From the first line of the material below through the line containing "Weißes Schokomousse aus", print every line exactly as it stands, but no pictures.
::: Collected data
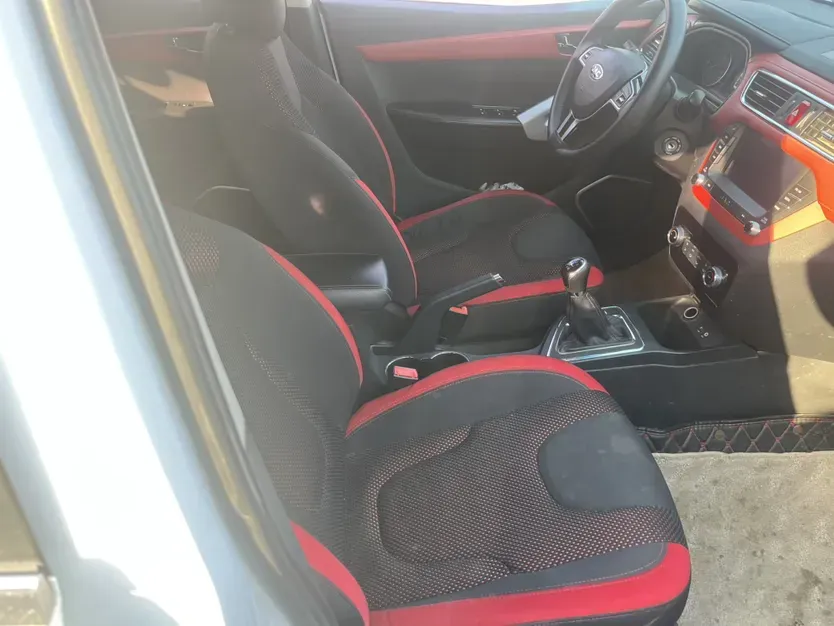 2018 JAC Refine S2 1.5L 113HP L4 5MT,autocango,china used car exporter,china ev exporter,chinese used car exporter,chinese used ev exporter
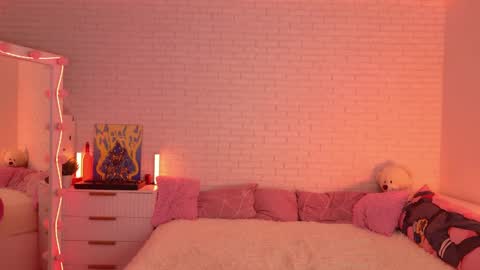 Snapshot of darinek0 chatting on April 2026 04:18:01 AM Neko online show from April 2026 04:18:01 AM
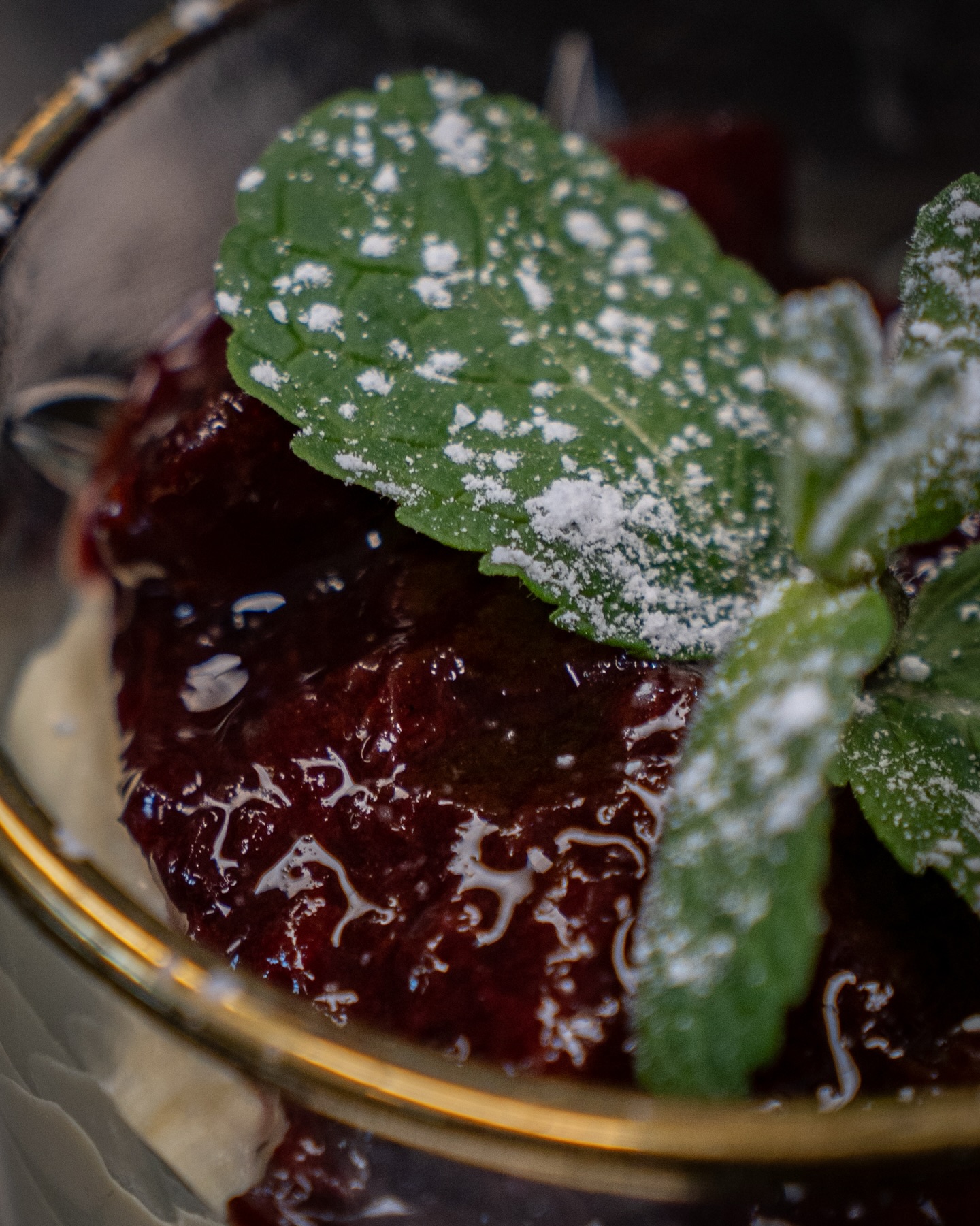 Weißes Schokomousse aus unserer aktuellen Tageskarte! 🍫

#b3 #wattens #restaurant #menü #dessert9#b3, #wattens, #restaurant, #menü, #dessert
::::::
» **Result of this task**:
 2018 JAC Refine S2 1.5L 113HP L4 5MT,autocango,china used car exporter,china ev exporter,chinese used car exporter,chinese used ev exporter
 Snapshot of darinek0 chatting on April 2026 04:18:01 AM Neko online show from April 2026 04:18:01 AM
 Weißes Schokomousse aus unserer aktuellen Tageskarte! 🍫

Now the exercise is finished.